(Scraped caption text data)
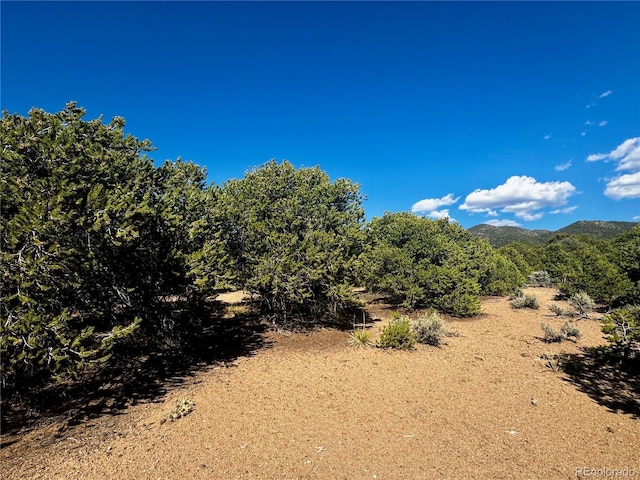 LOT1522 Dunn Rd, San Luis, CO 81152 - photo 6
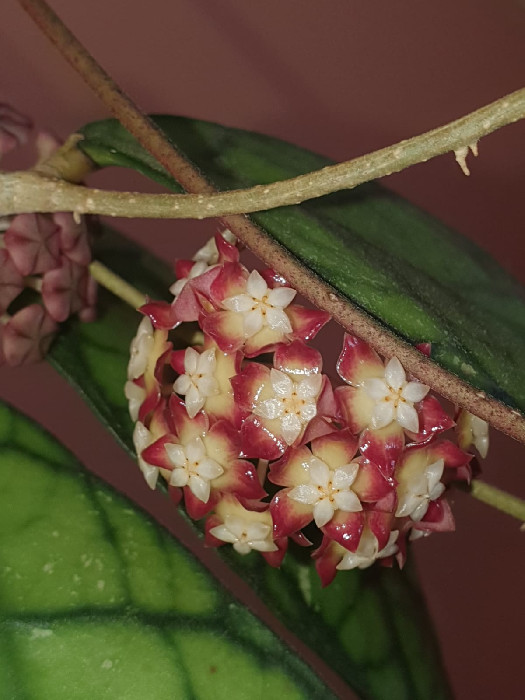 Hoya Callistophylla big leaves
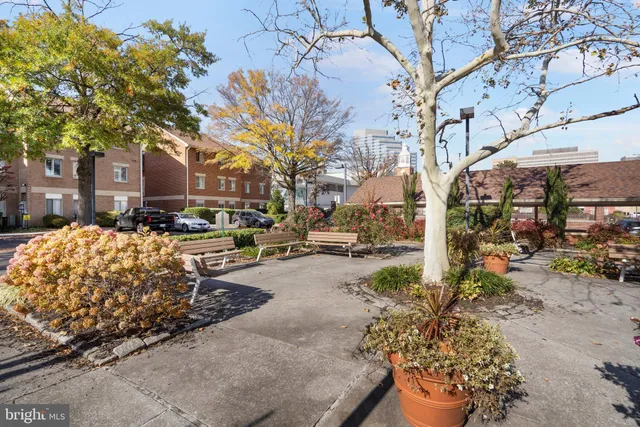 a view of road with large trees
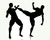 Fighters icon.png
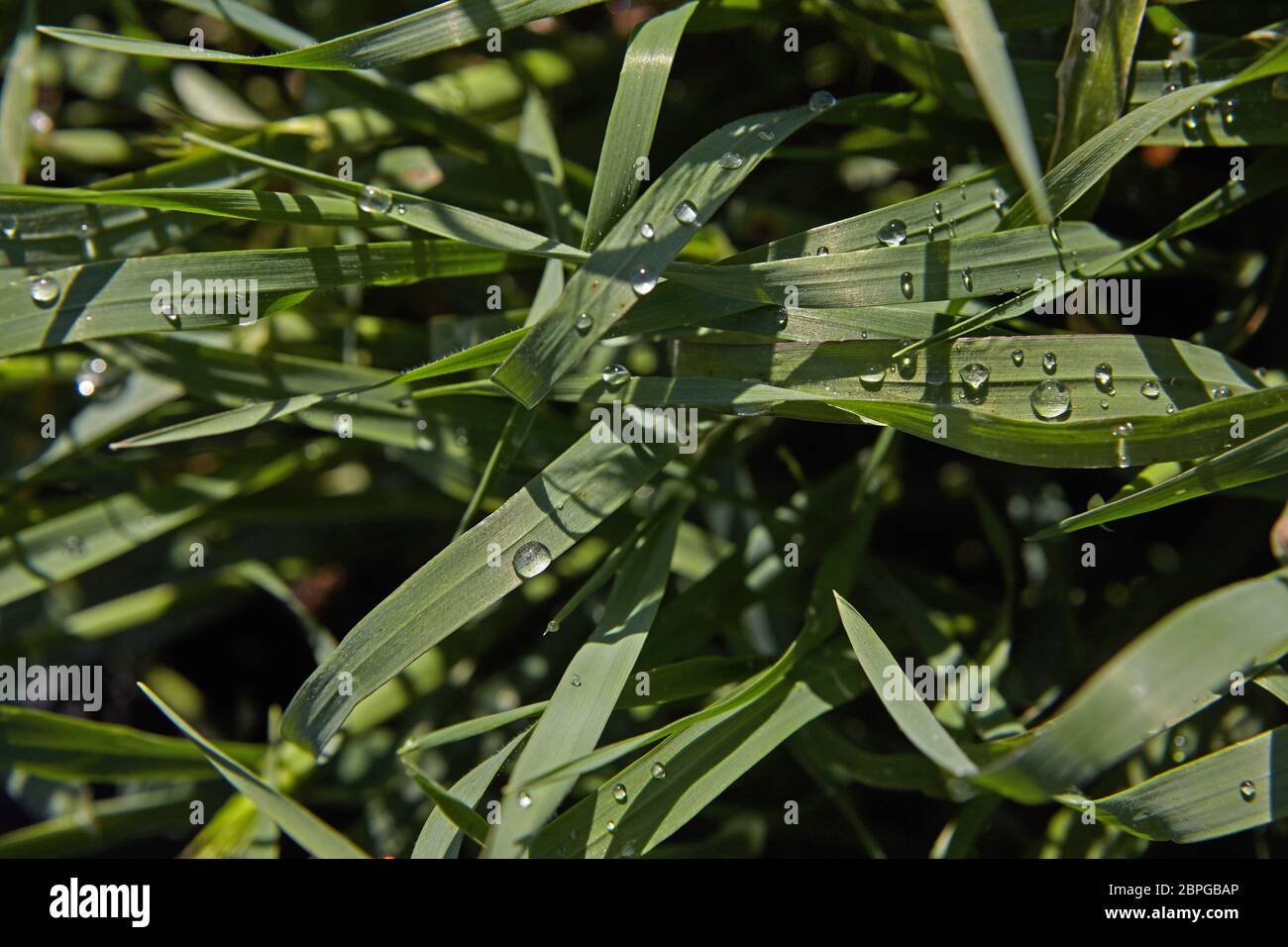 raindrops on the grass. Stock Photo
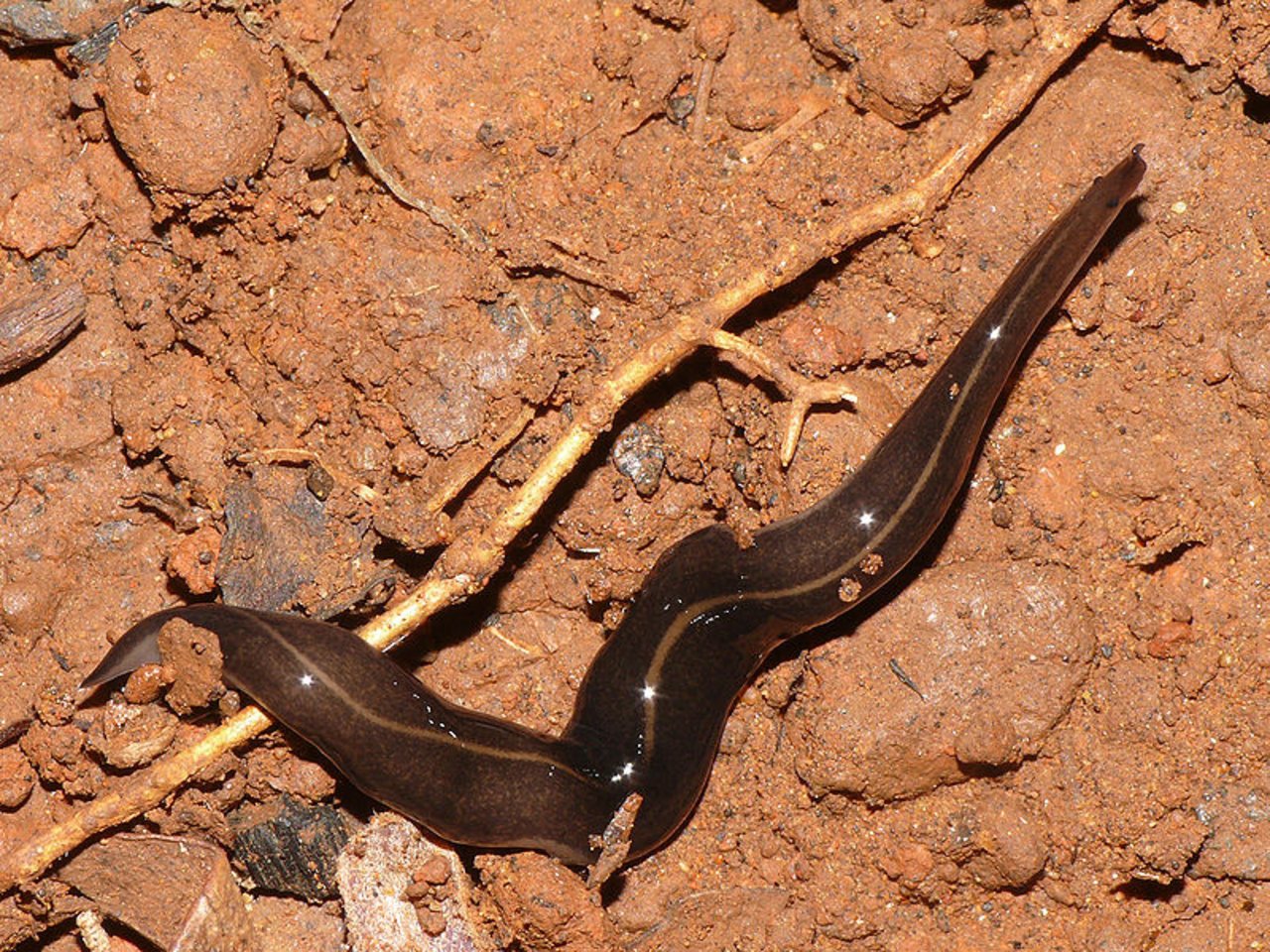 Der flache Wurm aus Asien namens Platydemus manokwa ...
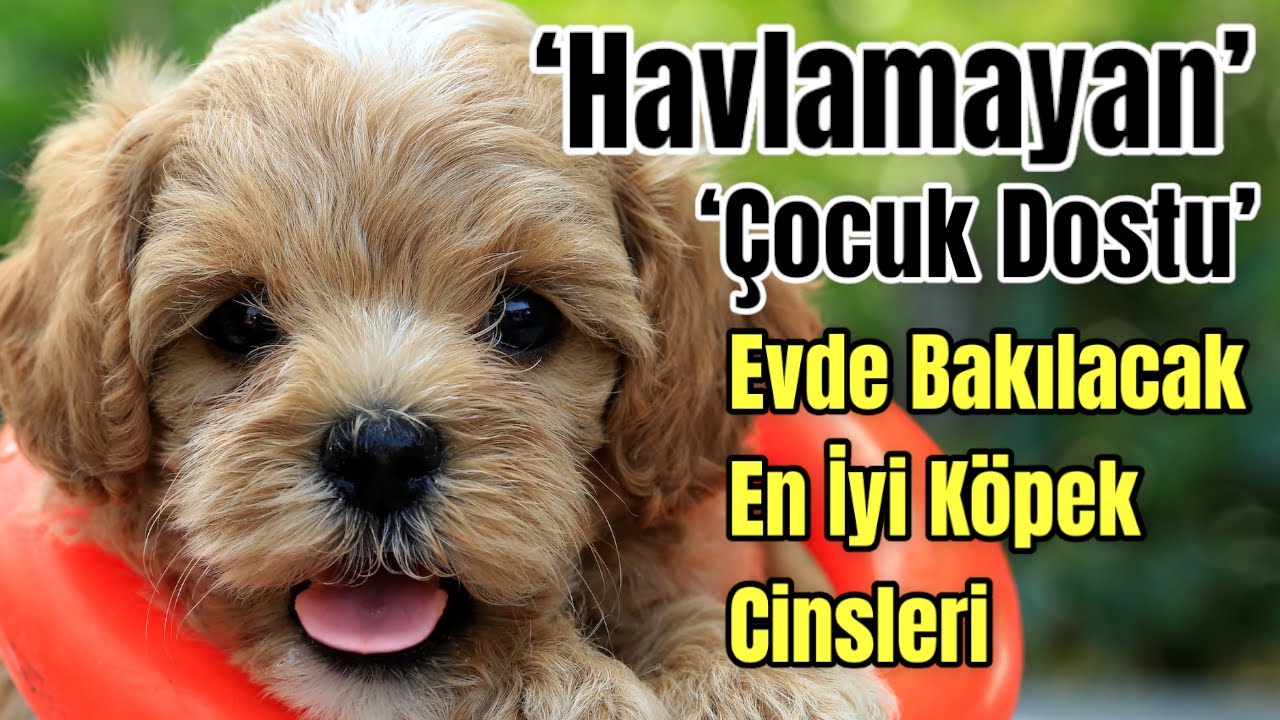 Evde Beslenecek En İyi Köpek Cinsleri | Zeki Aile Köpekleri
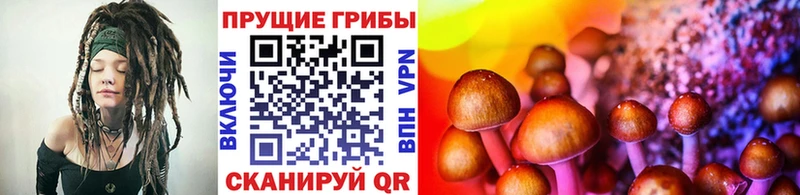 Галлюциногенные грибы Cubensis  как найти закладки  Киржач 
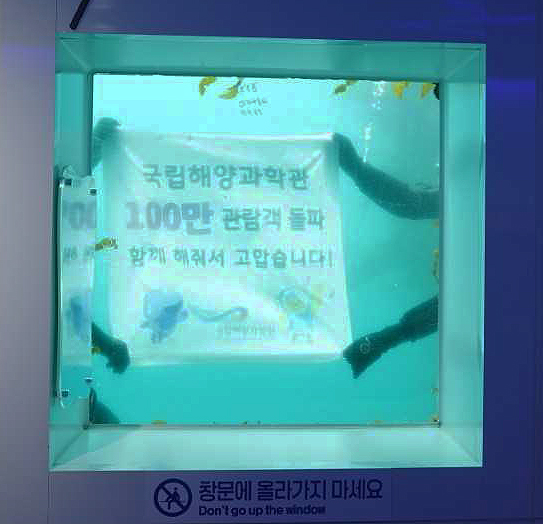 국립해양과학관이 누적 관람객 100만 명 돌파를  기념하기위해 바닷속 전망대에서 수중 퍼포먼스를 하고 있다(과학관 제공)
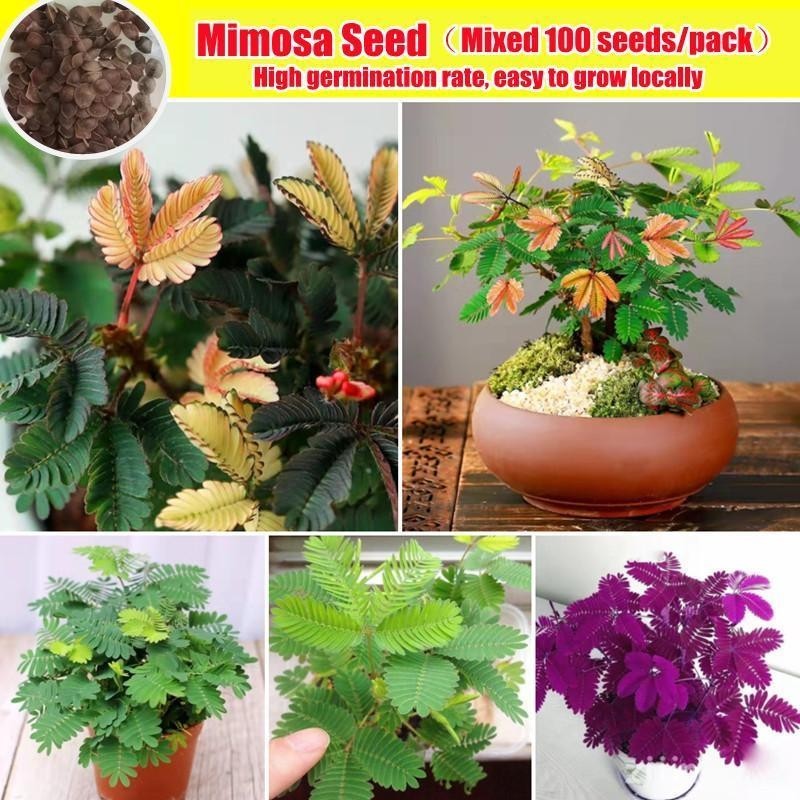 100 เมล็ด/ซอง งอกง่าย เมล็ดพันธุ์ Mimosa Seeds for Planting Rare Mimosa Plants Seeds Pachira Dwarf M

### TASK PROMPT
Please repeat exactly the lines from the one containing "Галлюциногенные грибы Cubensis" through the last line of the records, both included, and leave out the pictures.

### RESULT OF THE TASK
 Галлюциногенные грибы Cubensis  как найти закладки  Киржач 
 국립해양과학관이 누적 관람객 100만 명 돌파를  기념하기위해 바닷속 전망대에서 수중 퍼포먼스를 하고 있다(과학관 제공)
 100 เมล็ด/ซอง งอกง่าย เมล็ดพันธุ์ Mimosa Seeds for Planting Rare Mimosa Plants Seeds Pachira Dwarf M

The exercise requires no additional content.